The data were sourced from ten both public and private construction project sites within Abuja, Nigeria, with a project value of up to 100 million Naira and above. Between November 2018 and February 2019, the researcher visited each of these project sites and used covert observation (no one knows that they are being observed and the observer is a concealed or embedded research) to observe and record people's behaviour, actions and interactions (McKechnie, 2008: 133). The observation was done for an average period of four hours for the four-month period.

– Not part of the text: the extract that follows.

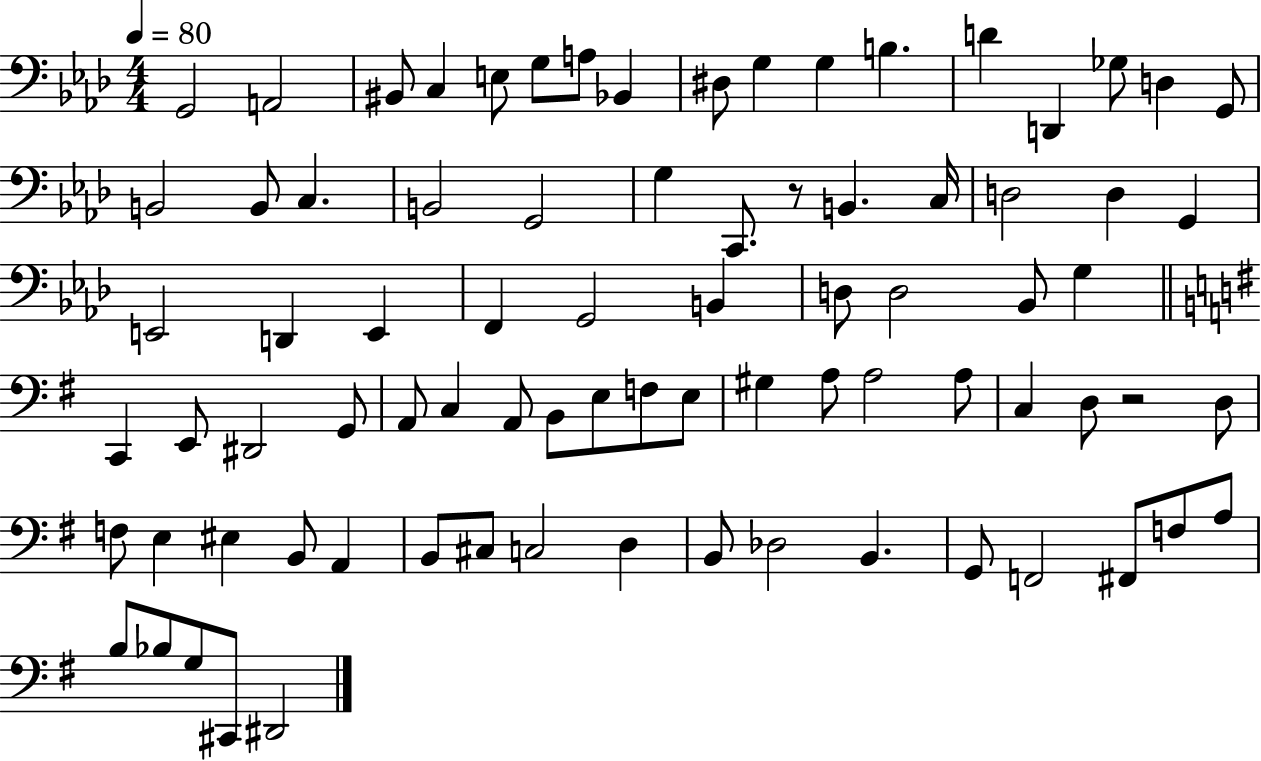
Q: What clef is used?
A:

The study considered the majority of the building materials such as blocks/ bricks, timber, cement, reinforcement, mortar and aggregate (both fine and coarse) used in projects. These materials represent a significant percentage of the total cost of buildings in most of the traditionally built residential and commercial buildings in Nigeria. The construction processes observed included materials usage onsite, loading/offloading of materials from procurement, storages, as well as materials handling and movement on site. The site workers involved in each operation were observed.

For data collection, based on the literature review, recording sheets with checklists were pre-set with statements (Likert items) and responses to observe and document the effect of PMM related to material waste, quality, and profitability. Recording sheet 1 consists of 11 statements (Likert items) on the effect of PMM on materials waste. The observer rated quantities of waste, waste management plan, waste recycling and disposal, mixing, KPI, costs, utilisation, waste streams, account waste, and waste policy in terms of materials usage onsite, loading/offloading of materials from procurement, storages, as well as materials handling and movement on site. Recording sheet 2 consists of five statements (Likert items) on the effect of PMM on quality. The observer rated spoiled materials, onsite materials quality, standards, control, and audits in terms of the materials usage onsite, loading/offloading of materials from procurement, storages, as well as materials handling and movement on site. Recording sheet 3 consists of six statements (Likert items) on the effect of PMM on profitability. The observer rated increased waste, suboptimal accounting, theft, damaged materials, rework, health and safety claims in terms of the materials usage onsite, loading/offloading of materials from procurement, storages, as well as materials handling and movement on site. For the purpose of anonymity, the names of the project sites are not disclosed in this article. Instead, they are represented by case study (CS) numbers CS1-CS10.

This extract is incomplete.